In attesa di verificare se la Giunta regionale vorrà definire anche tale questione, è da ritenere che sia possibile riconoscere ai Comuni il potere di differenziare anche in questo senso, con la variante applicativa, l’uso dei crediti di fonte pubblica, purché ciò avvenga in un ambito di ragionevolezza e senza creare una sorta di gerarchia assoluta fra crediti a danno di quelli privati.

Bisogna partire dalla constatazione che ogni credito edilizio sorge e dipende in definitiva dalle scelte amministrative del Comune, a ciò legittimato dalla legislazione statale (cfr. gli incrementi premiali di cui all’art. 1, comma 259, l. n. 244/2007) e naturalmente da quella regionale (art. 36, comma 4, l.r. n. 11/2004, secondo cui “Il PI individua e disciplina gli ambiti in cui è consentito l’utilizzo dei crediti edilizi, prevedendo l’attribuzione di indici di edificabilità differenziati in funzione degli obiettivi di cui al comma 1 ovvero delle compensazioni di cui all’articolo 37”).

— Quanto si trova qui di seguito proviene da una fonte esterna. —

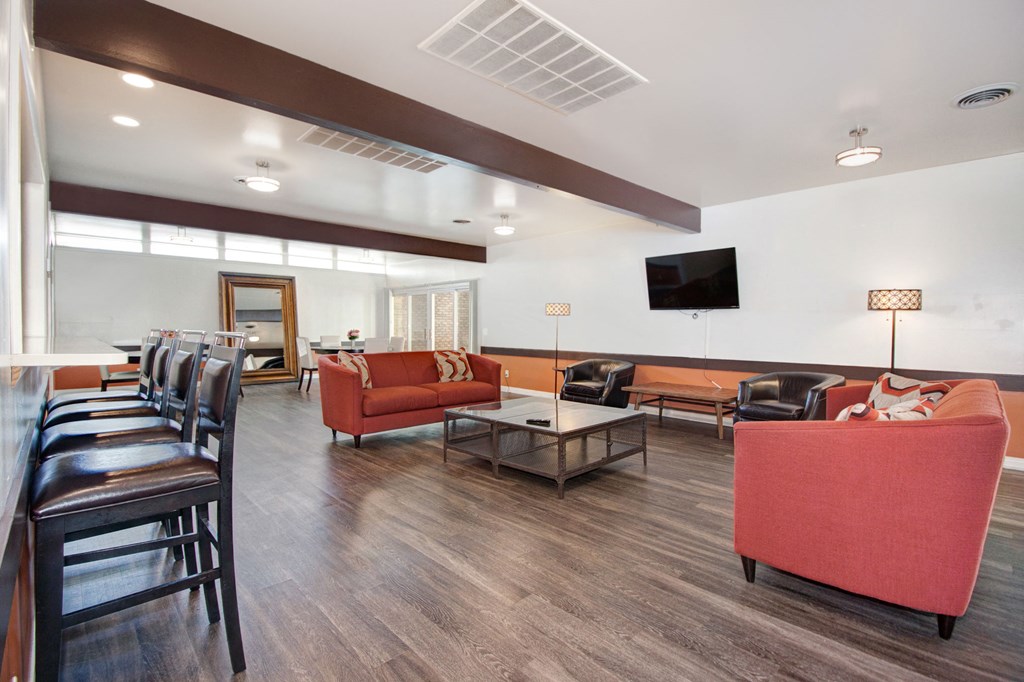 clubhouse lounge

Il credito edilizio è dunque espressione del potere conformativo spettante ai Comuni nella propria attività di pianificazione del territorio, alla quale è connaturata la facoltà intrinsecamente disuguagliante di porre condizioni e limiti al godimento del diritto di proprietà, anche di cubatura, volti al perseguimento di obiettivi di interesse generale realizzabili ad iniziativa privata o mista pubblico-privata. Lo stesso Registro dei crediti è del resto uno strumento funzionale al governo del territorio e per questo è parte integrante del Piano degli Interventi, le cui norme – da adeguare ora necessariamente alla nuova legge – devono regolarne la trasferibilità, l’utilizzo nell’ambito dei titoli abilitativi o dei piani attuativi, la compatibilità col PAT e con la disciplina urbanistica sovraordinata.

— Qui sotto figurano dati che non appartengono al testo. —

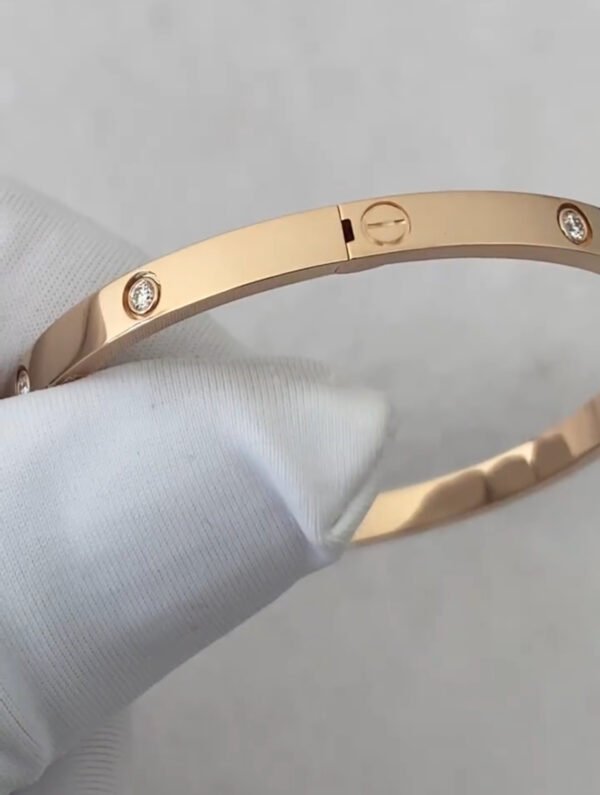 CARTIER LOVE SIZE SMALL 18K ROSE GOLD 10 DIAMOND - Ảnh 5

Pertanto, così come il Comune in sede di pianificazione può stabilire indici diversi “in funzione degli obiettivi di cui al comma 1” dell’art. 36 cit. (applicabile per tutto quanto non diversamente disposto dalla legge in commento, in forza dell’art. 4, comma 6), o può riservare aree all’utilizzo di crediti da rinaturalizzazione, altrettanto può ritenersi che possa assegnare e localizzare premialità condizionate all’acquisizione di crediti di fonte pubblica, in funzione dell’interesse pubblico al raggiungimento di determinati obiettivi e priorità di riqualificazione e col solo ma rigoroso limite generale della buona motivazione, che dovrà dare conto dell’esistenza del collegamento di dipendenza dell’intervento dalla contemporanea demolizione di alcuni volumi pubblici e non di altri privati. Tale dipendenza perciò non può mai essere motivata da mere ragioni economiche, ma da ragioni di politica urbanistica, ad esempio da necessità di riordino urbanistico comunque contestuale di determinati spazi urbani, o dalla previsione di un possibile accordo pubblico-privato che leghi la sorte di due aree (anche in ragione di quanto prevede l’art. 3, comma 3, lett. m) della l.r. n. 14/2017), o ancora e similmente dalla necessità che l’intervento premiato paghi crediti alla collettività per consentire o favorire altrove determinate azioni pubbliche di demolizione ad esso funzionalmente collegate, anche solo in parte, dallo strumento urbanistico (ad es. in un comparto discontinuo o “ad arcipelago” o in altre forme ancora).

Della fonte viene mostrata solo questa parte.